INFORMATION SHOWN:

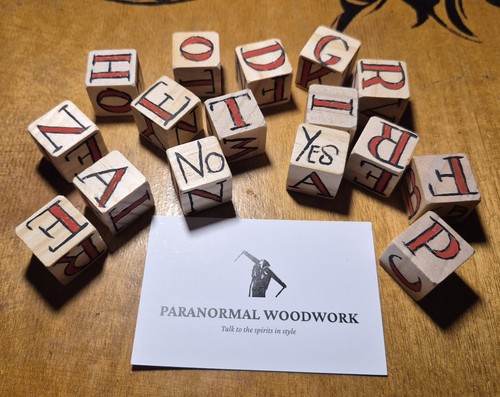 Handmade red spirit dice set - handmade,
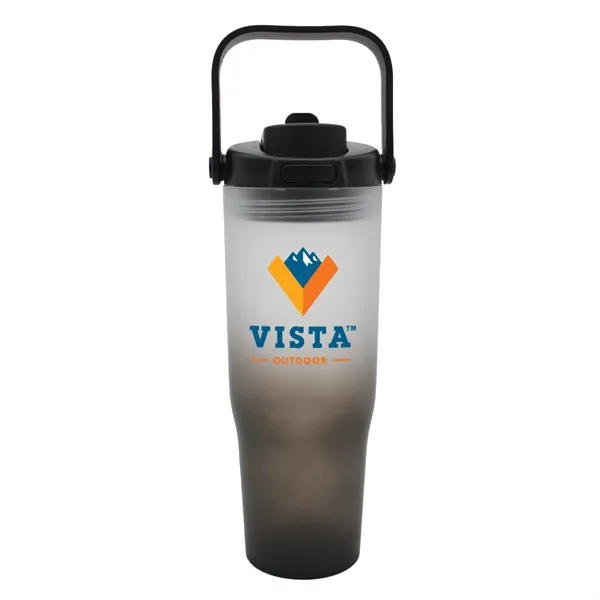 Black color option for Halcyon® 30 Oz. Recycled Ombre Tumbler With Carrying Handle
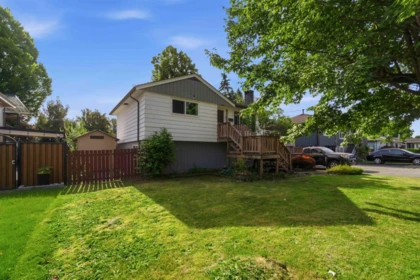 Backyard Photo of 3676 Inverness Street, Port Coquitlam, BC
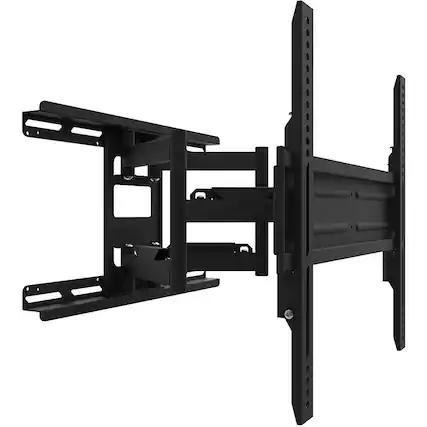 Alt View 11. Kanto - Full Motion Security TV Wall Mount for Most 37" to 65" TVs - Extends 17.6" - Black.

YOUR OBJECTIVE:
Write out the material above exactly; no pictures.

SOLUTION:
 Handmade red spirit dice set - handmade,
 Black color option for Halcyon® 30 Oz. Recycled Ombre Tumbler With Carrying Handle
 Backyard Photo of 3676 Inverness Street, Port Coquitlam, BC
 Alt View 11. Kanto - Full Motion Security TV Wall Mount for Most 37" to 65" TVs - Extends 17.6" - Black.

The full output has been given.